Anhand der Licht­durch­lässig­keit eines Materials können For­schen­de Rück­schlüsse auf die Phase eines Mate­ri­als, die Anord­nung der Elek­tronen und Atome sowie die Ur­sachen für diesen An­ordnungs­prozess ziehen. Elek­tri­sche Geräte aus Van-der-Waals-Hetero­struk­turen sind in der Regel mikro­meter­groß – etwa so breit wie ein mensch­liches Haar.
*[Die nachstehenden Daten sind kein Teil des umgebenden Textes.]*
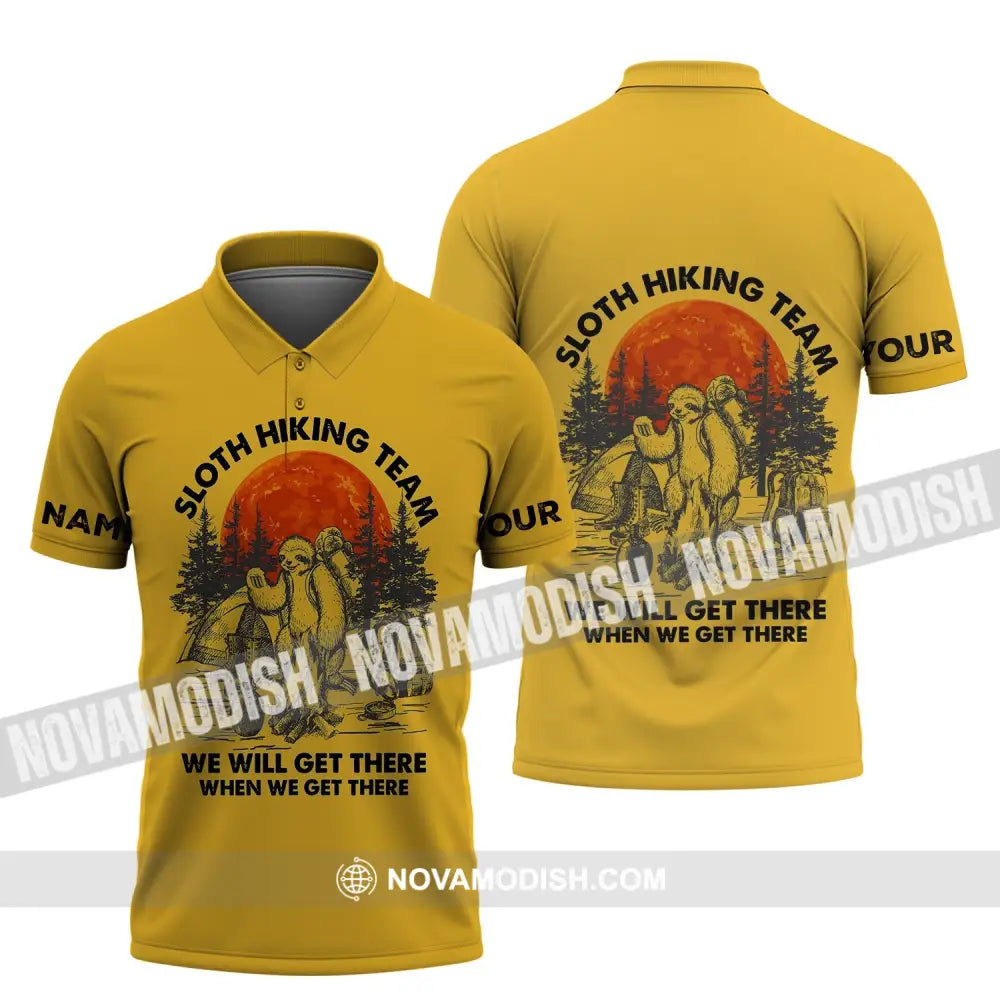 Unisex Shirt - Custom Name Shirt - Sloth Hiking Team We Will Get There When We Get There Name Shirt Polo Shirt / S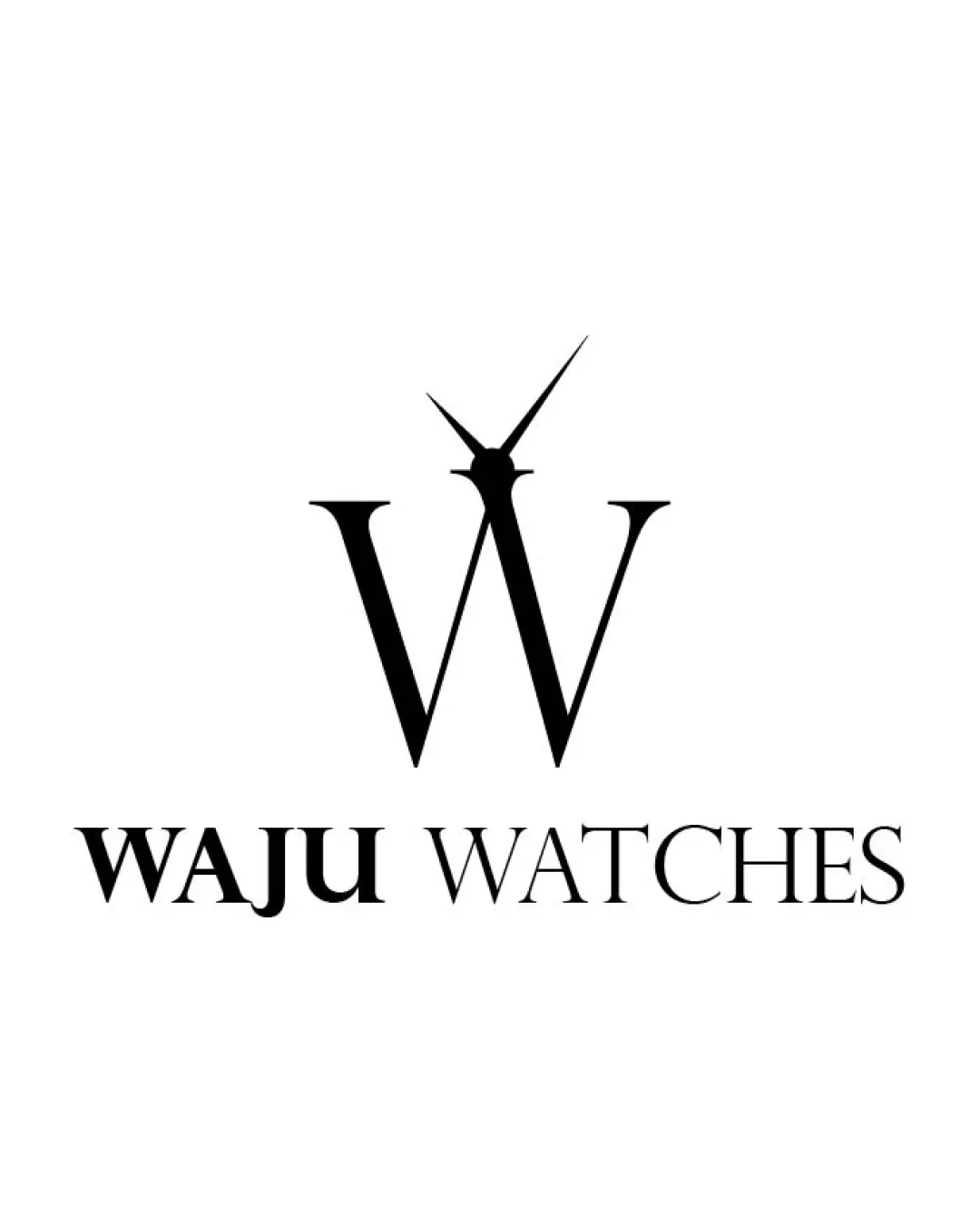 Waju Watches Large W With Watch Hands Intersecting The Top Combination Mark Luxury Goods Minimalist Serif Typography Monochrome Logo Review
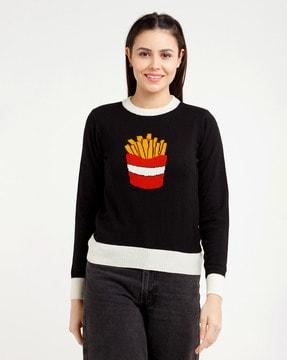 graphic knit round-neck pullover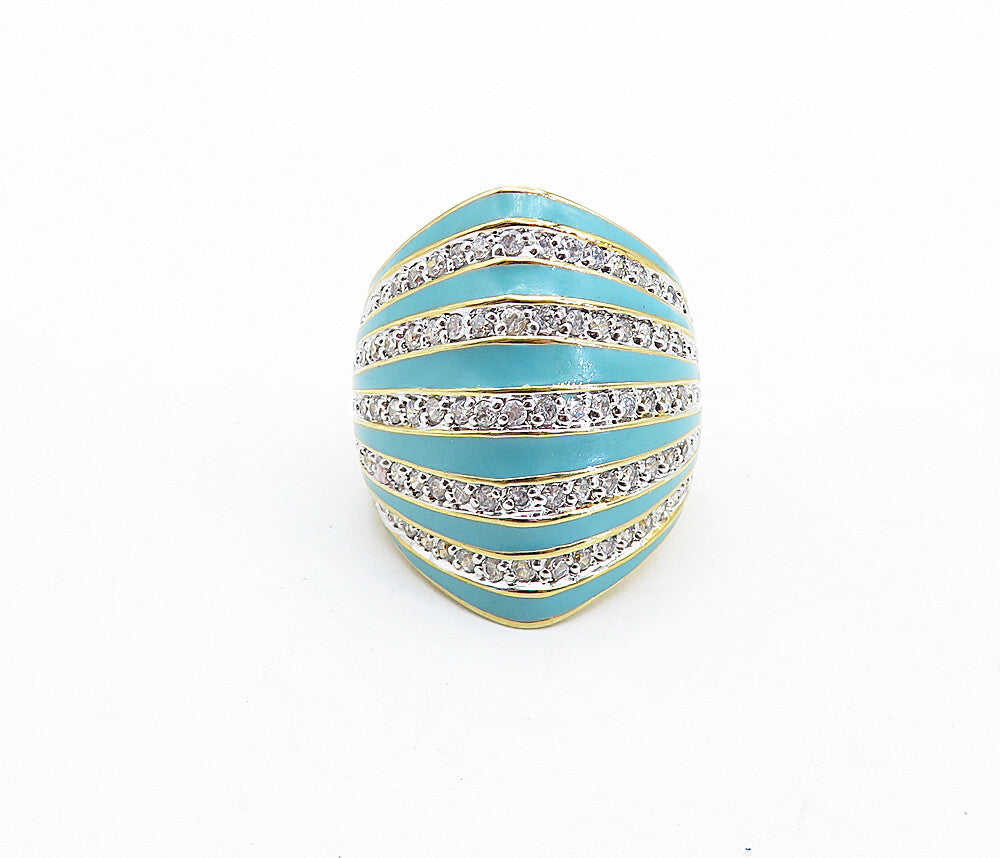 925 Sterling Silver  Turquoise & Topaz Striped Dome Band Ring Sz 7  RG6215
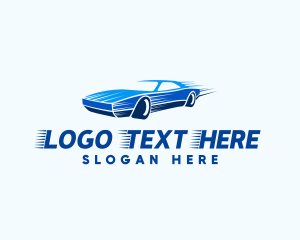 Auto Detailing - Blue Sports Car logo design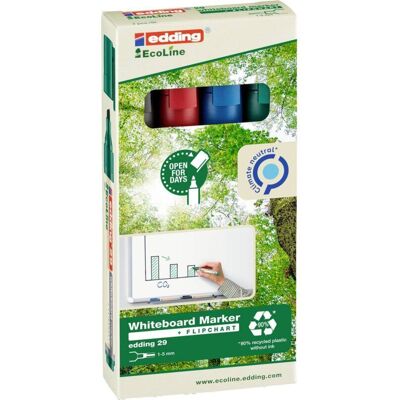 Edding 29 4-29-4 Kit Marcatori Per Lavagne Bianche Blu, Verde, Rosso, Nero 4 Pz. - Edding 29 4-29-4 Kit Marcatori Per Lavagne Bianche Blu, Verde, Rosso, Nero 4 Pz. -
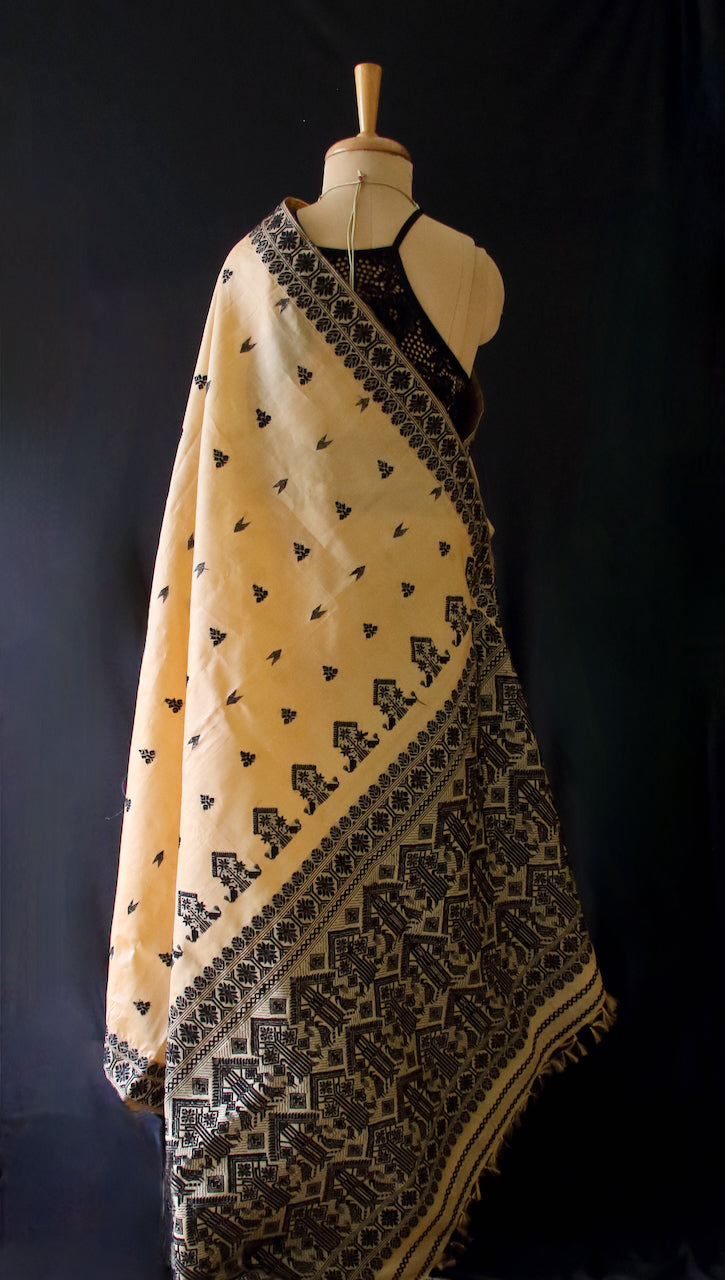 Handloom Tassah Silk Sari in Black and golden combination from Assam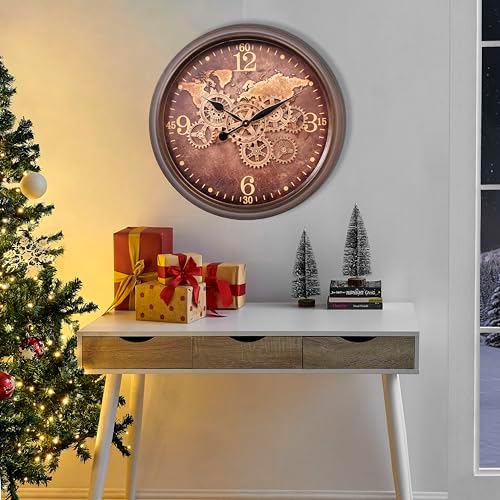 CLXEAST 24 Inch Moving Gear Wall Clock - Image 5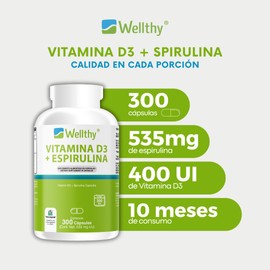 Wellthy Vitamina D3 400 unidades + Espirulina 300 Cápsulas. Reforzado con 535mg de Alga Espirulina, VCaps Cápsulas Veganas, 10 Meses de Consumo.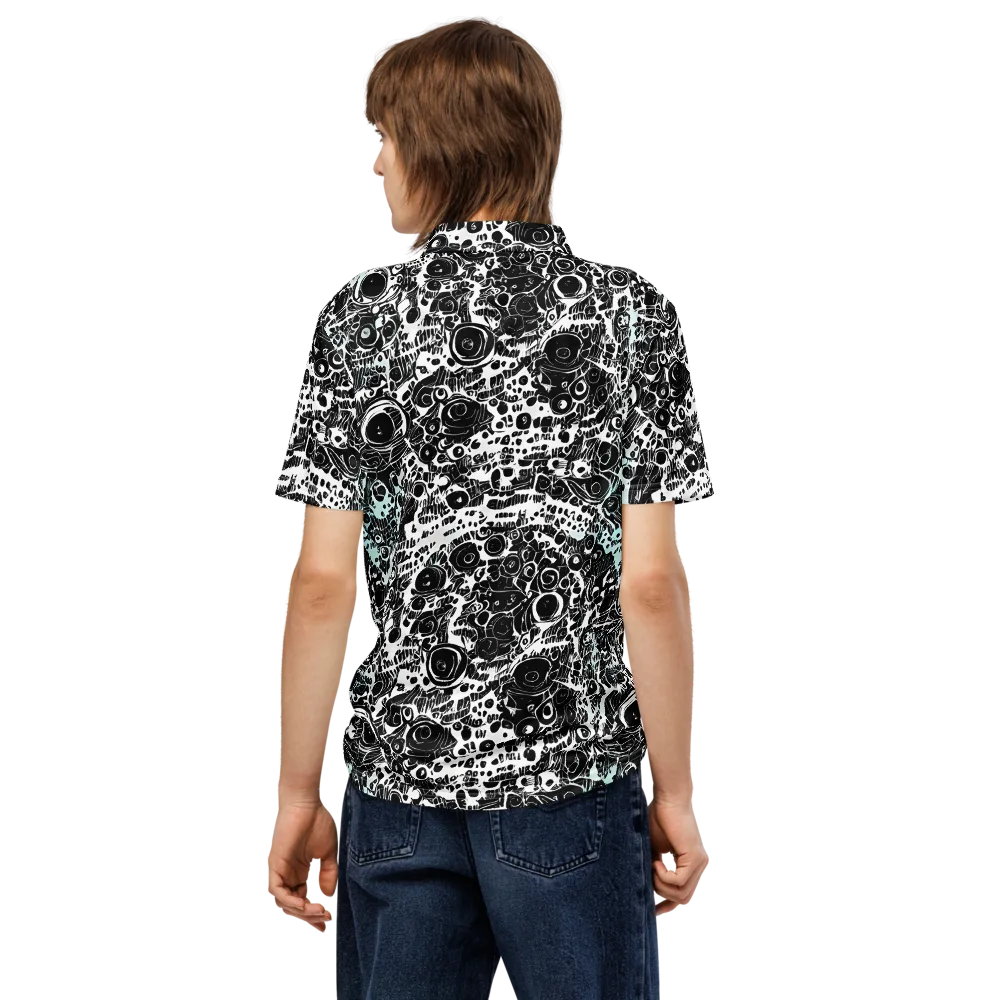 Static Bloom on Men's Slim Fit Polo Shirt — Back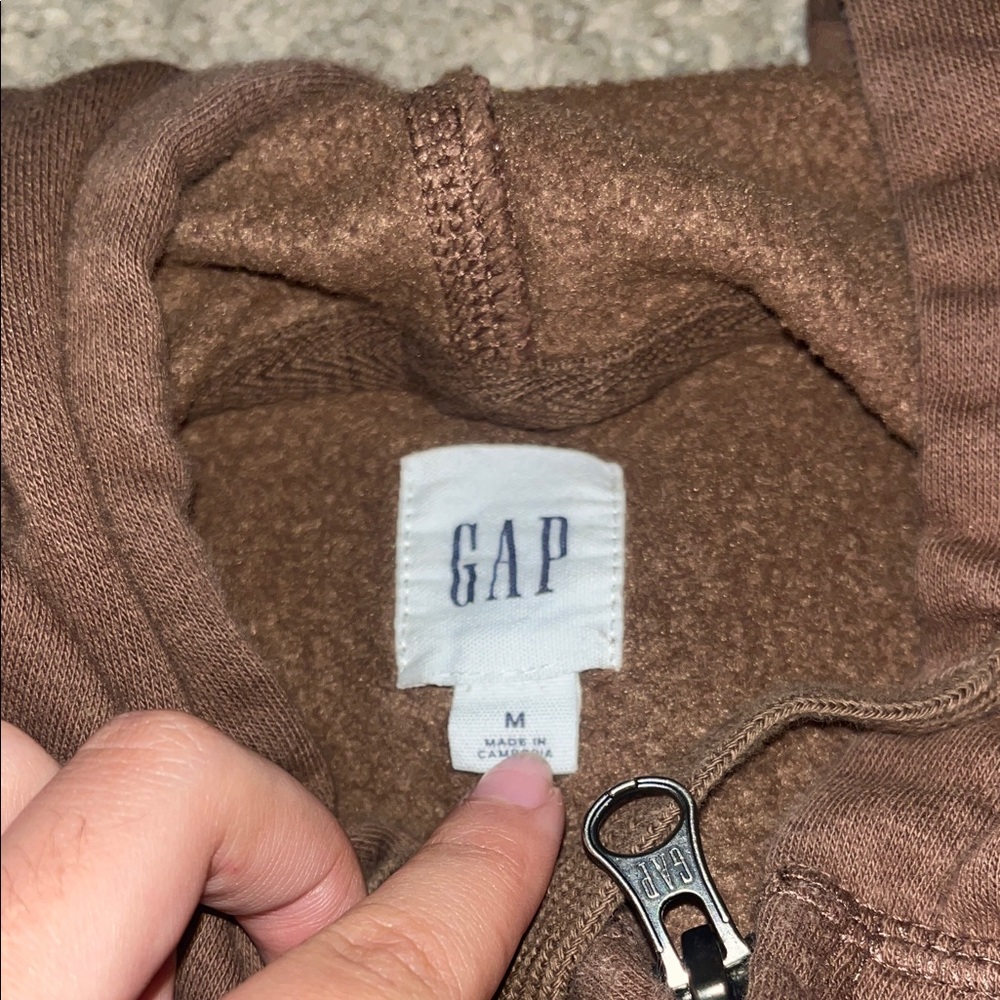 GAP Cozy Brown Zip-Up Hoodie - Picture 2 of 4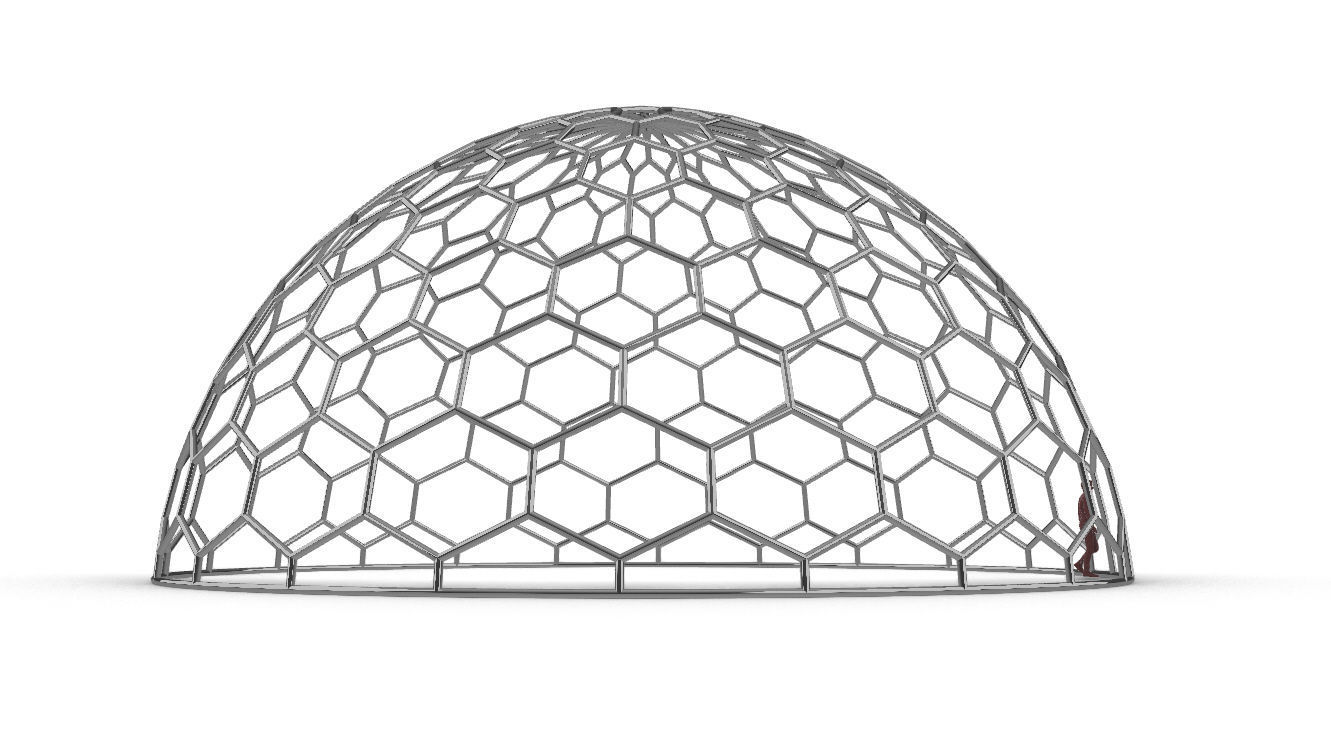 Hexagonal Dome structure Geodoesic Like Wireframe Design 3D model_24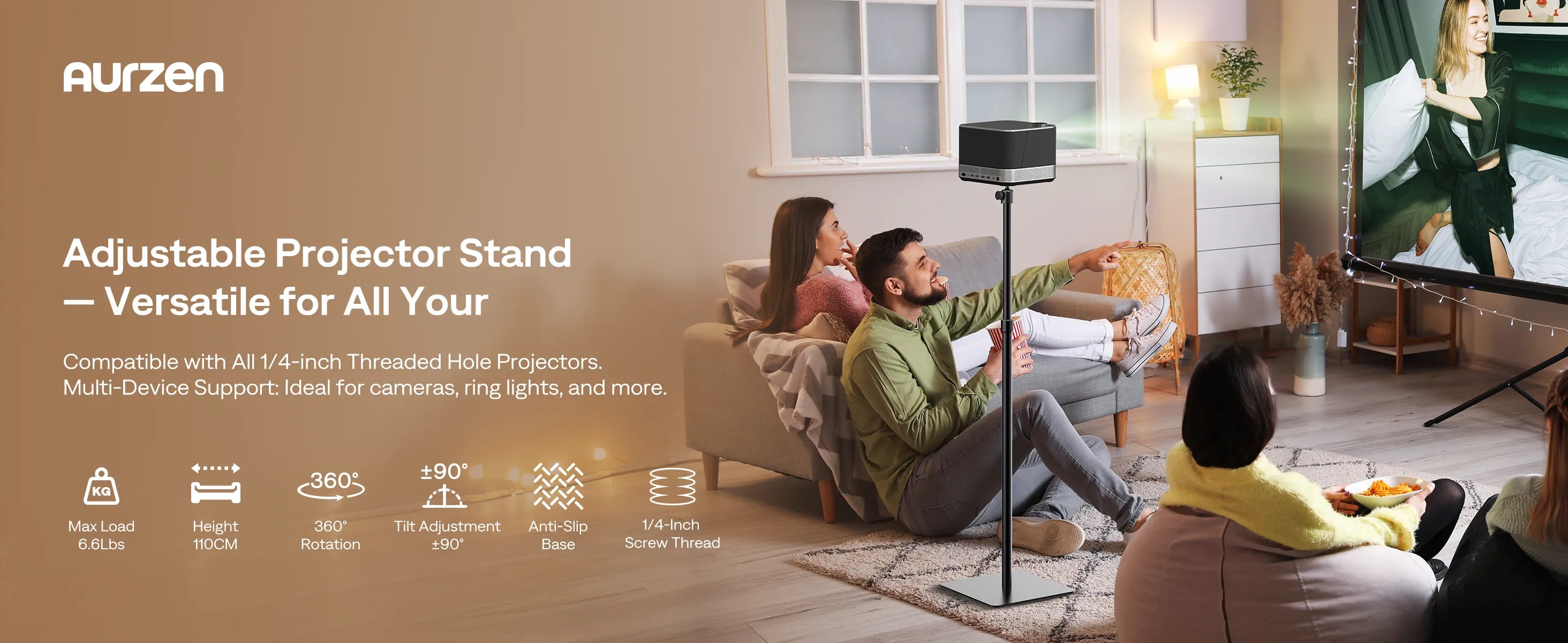 Aurzen Portable Projector Floor Stand used in living room home theater setup with 360° rotation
Dies ist zwar vor­teil­haft für zu­künf­tige Anwen­dungen, bei denen kleine, dicht gepackte Schalt­kreise wün­schens­wert sind, erschwert jedoch spek­trale Mes­sungen, bei denen ihre Eigen­schaf­ten mit Hilfe von niedrig­energe­ti­schem Licht unter­sucht werden. Der Grund dafür ist, dass die rele­vante Wellenl­änge von THz-Licht weit größer ist als die mikro­meter­großen Proben. Dies veran­lasste das Wis­sen­schafts­team, auf der Grund­lage der Postdoc-Arbeit von James McIver einen neuen Chip-Schalt­kreis zu ent­wickeln. Dieser begrenzt das Licht auf eine Größe, die kleiner ist als die Wellen­länge des Lichts, und über­windet so die Größen­unter­schiede zwischen Licht und Mate­rial. Mit diesem Chip ist es nun endlich mög­lich, die Absorp­tion von Licht im THz-Bereich zu messen.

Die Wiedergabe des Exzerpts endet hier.